An exact restatement of the entire listing is needed, excluding all images.
--- DATA BLOCK Enclosed Below ---
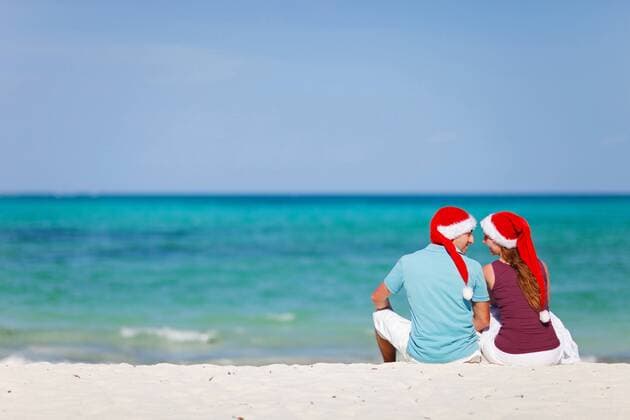 ein verliebtes Paar sitzt mit Nikolausmuetzen am Sandstrand a couple in love sitting with Santa hats at sandy beach BLWS269803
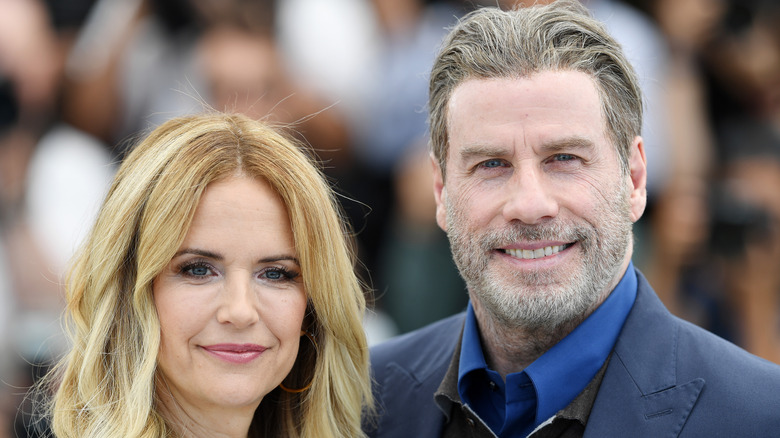 John Travolta and wife Kelly Preston smiling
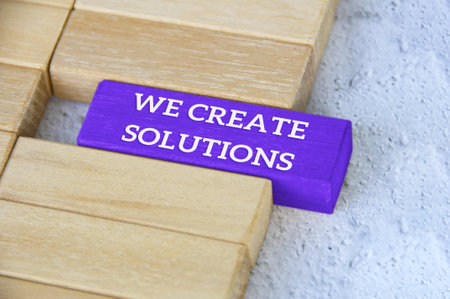 Top view of text - we create solutions text on blue wooden block separated from the rest of the...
--- End of Enclosed DATA BLOCK ---
* [RESPONSE TO THIS TASK]:
 ein verliebtes Paar sitzt mit Nikolausmuetzen am Sandstrand a couple in love sitting with Santa hats at sandy beach BLWS269803
 John Travolta and wife Kelly Preston smiling
 Top view of text - we create solutions text on blue wooden block separated from the rest of the...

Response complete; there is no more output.